Posted on: July 1st, 2021
Management buyout are the ultimate transaction structure where management insiders purchase the company from the owner. This transaction structure creates symmetry of alignment with ownership and management being one and the same. This reduces transition risks such as loss of key employees and post-closing employee resistance to the acquisition.
Management buyouts create tremendous opportunity for post-closing growth. Frequently growth rates of privately held companies flatten as owners get older and companies become more mature. All companies go through a lifecycle growth pattern, and it is challenging to maintain strong growth over the long term. They do so only through reinvesting heavily and pursuing a commitment to continual innovation.
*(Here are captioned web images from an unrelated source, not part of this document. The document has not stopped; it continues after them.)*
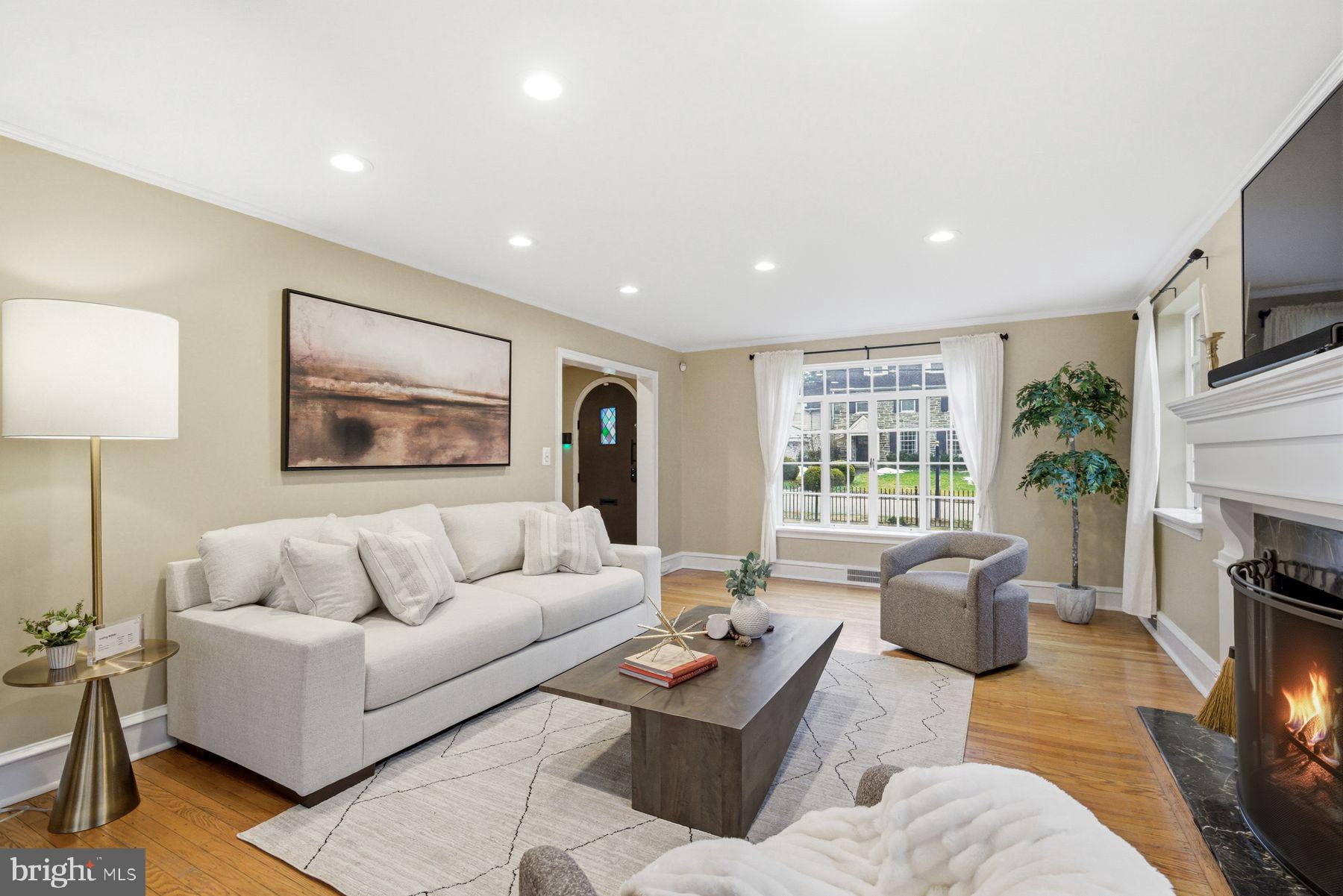 COLLEGE PARK - Residential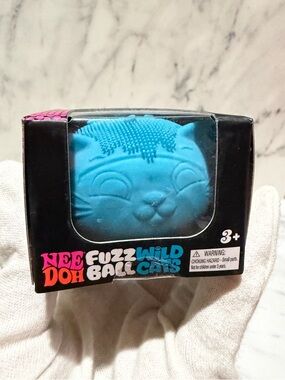 NeeDoh Fuzz Ball Wild Cats - BLUE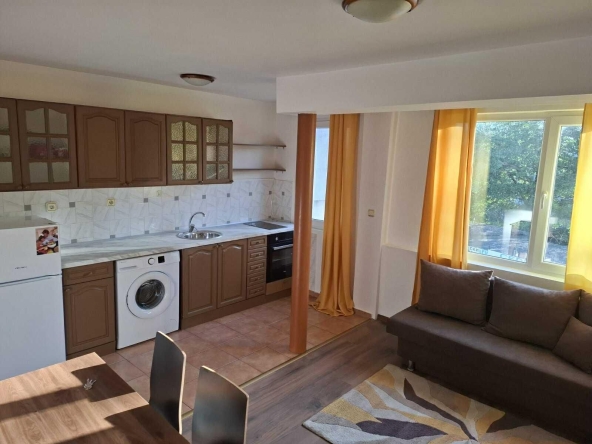 Дава се под наем Двустаен апартамент в Варна, Цветен квартал - 65 кв.м за 378.93 € - Снимка #1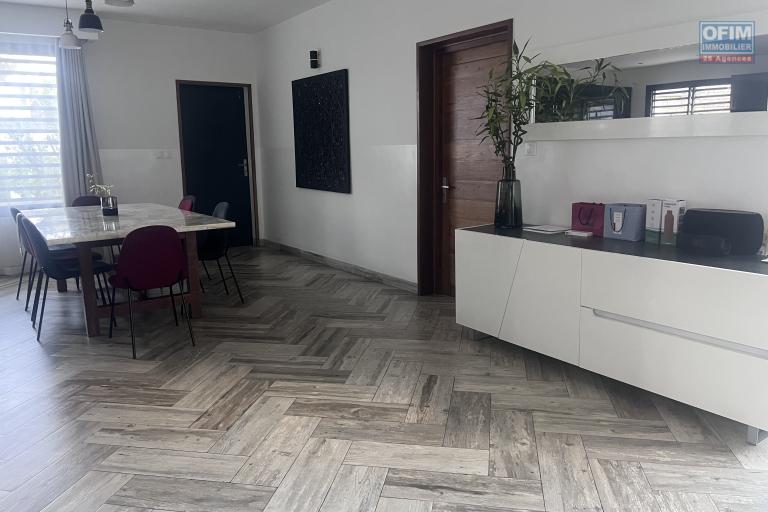 Une villa F6 meublée de standing à Iavoloha Mandrimena
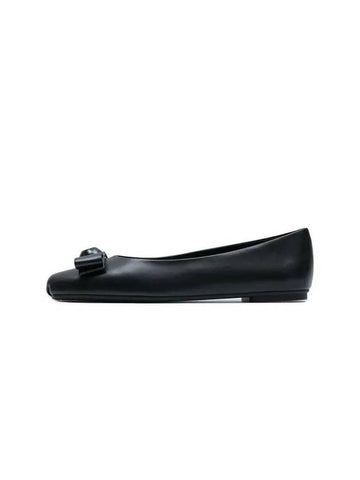 Vara Bow Metallic Leather Flats Black - SALVATORE FERRAGAMO - BALAAN 1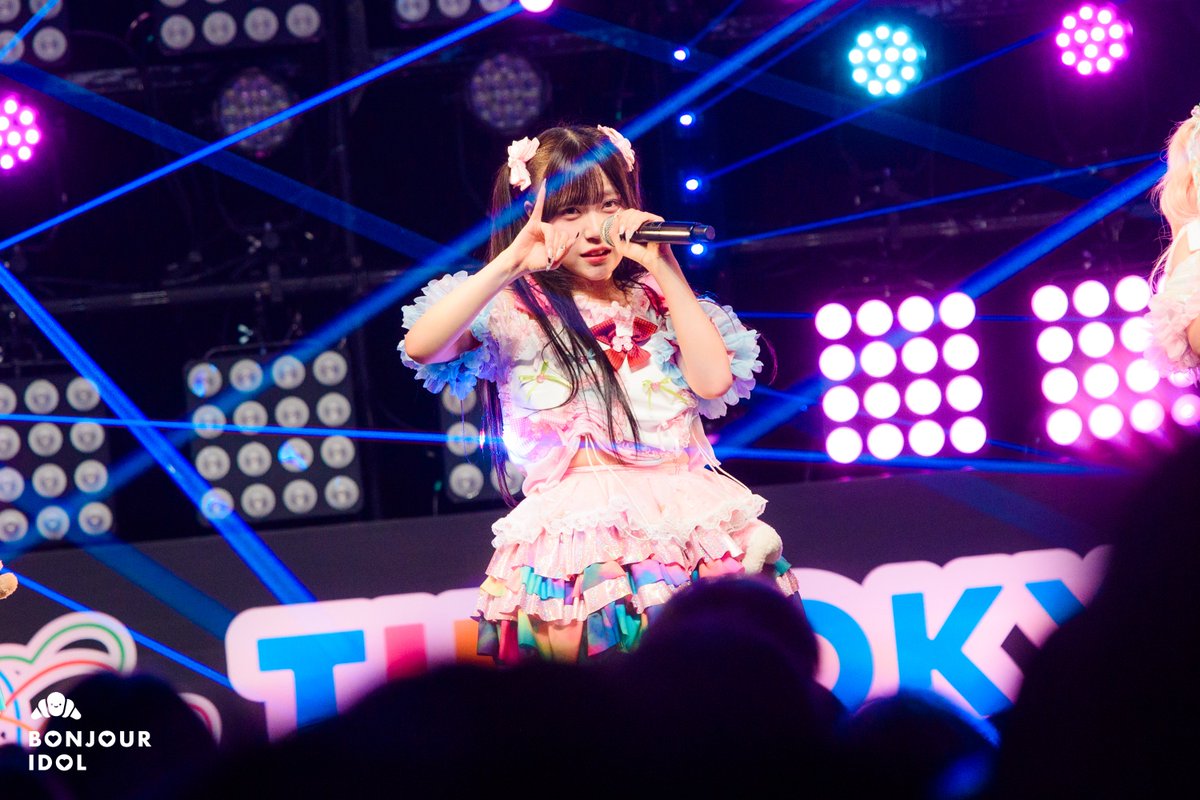 bonjour_idol's tweet photo. 【#TIF2026】 

Dancing indoors did not stop Qumali Depart from soaring around the DOLL FACTORY stage ✈️

@qumalidepart  @TIP_TIF_staff
#クマリデパート #BonjourIdol https://t.co/iyb3jdN9OM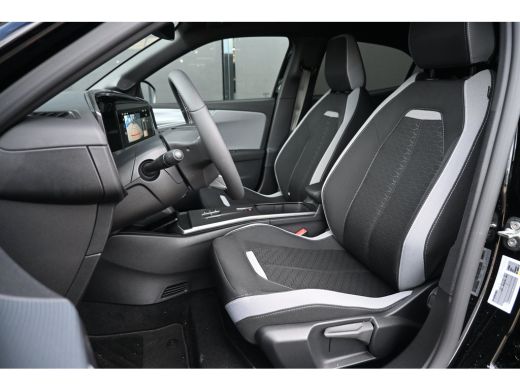 Opel Mokka-e Business Edition 54 kWh DEMO-DEAL! 8 Jaar Garantie! | Adaptive Cruise | Stuur/Stoelverwarming | N... ActivLease financial lease
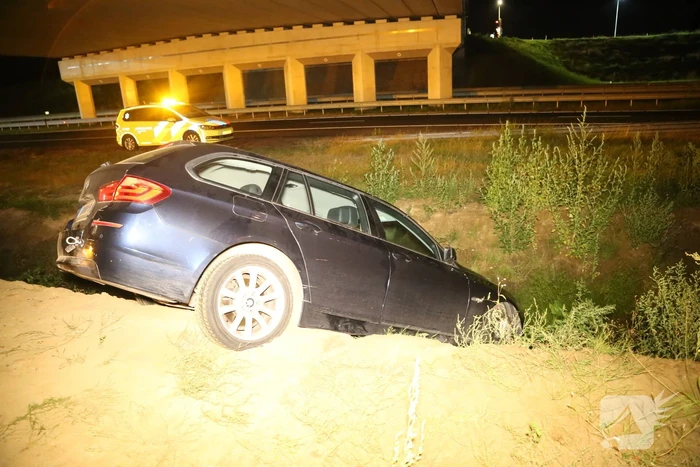 Auto belandt in de sloot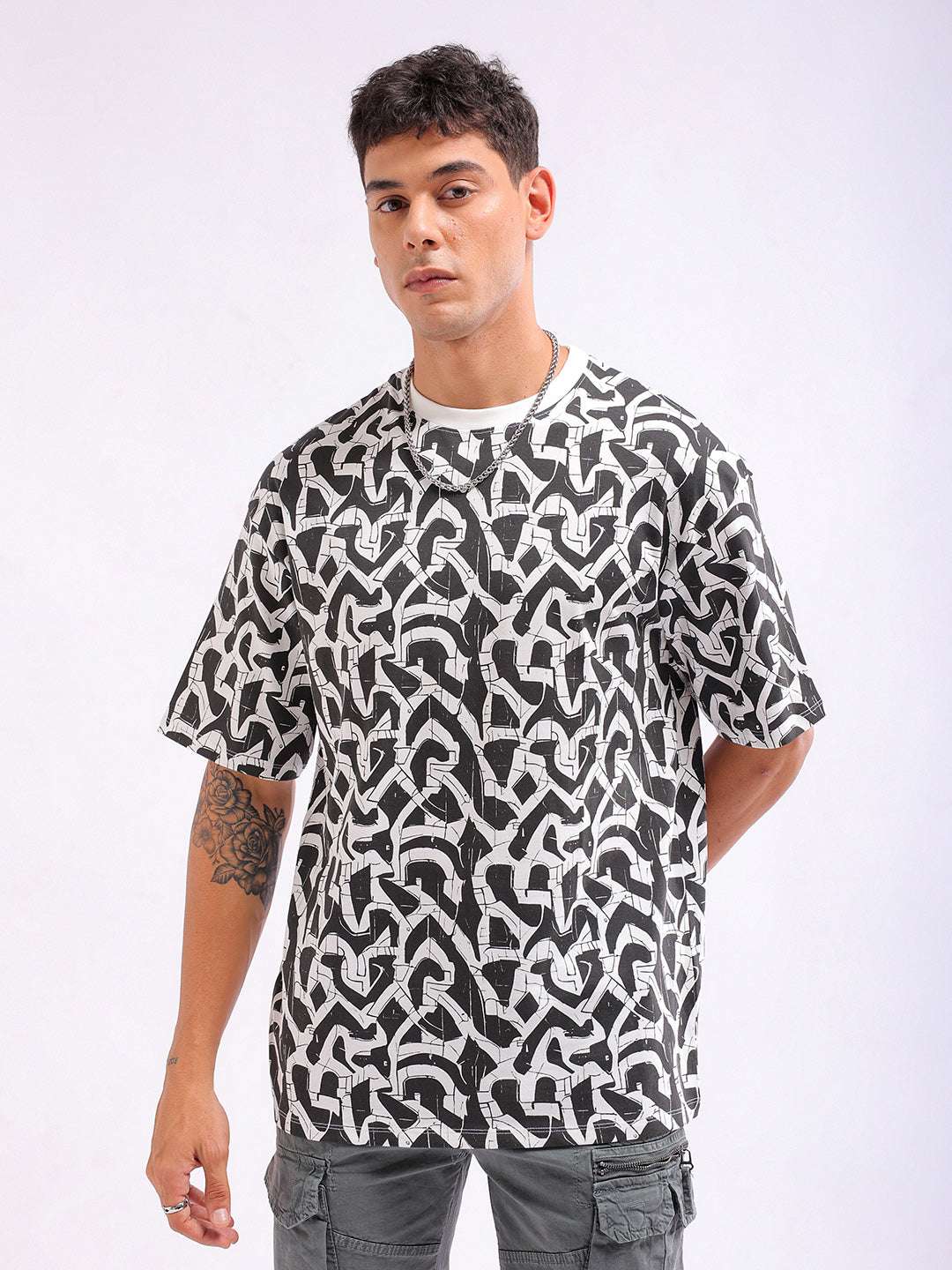 Shop Men Printed Oversized Fit T-Shirt Online.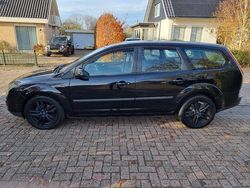 Gebruikt 2006 Ford Focus Futura Stationwagen | € 1.495 (Goede deal)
Eventually, as this reality sets in, ownership usually opts to grow more slowly, and take more cash out of the business. With a single owner of a business, as the business grows, its value can represent a very large portion of the owner’s personal net worth. At some point in time, owners see the value of the business as something to be defended, and begin to play it safe, to not jeopardize this nest egg. As this shift from building value to maintaining value takes hold, the management team may still see many strong ways to grow the business. These new growth paths often do not get prioritized in board room despite their low risk, high return profile.
Management Buyouts Approach
Ownership may opt to play small ball with new growth opportunities, at a time where there is major scale-up growth is readily available. Eventually, management gets frustrated with the stay the course approach. When management buyouts occur, management is now able to employ a more expansive and transformational approach. They seek to grow the company in a more aggressive way over the long term through implementing their own growth gameplan. Whether it is more digitalization, new products, or new ways to sell, the new ownership team is now free to invest where they see fit.
Moreover, the new owners need to achieve higher growth to justify their management buyout purchase price and generate acceptable returns as an investor. Growing at the historical rate may be enough to deleverage the company, but faster growth will ensure a superior return on their equity investment in the management buyout.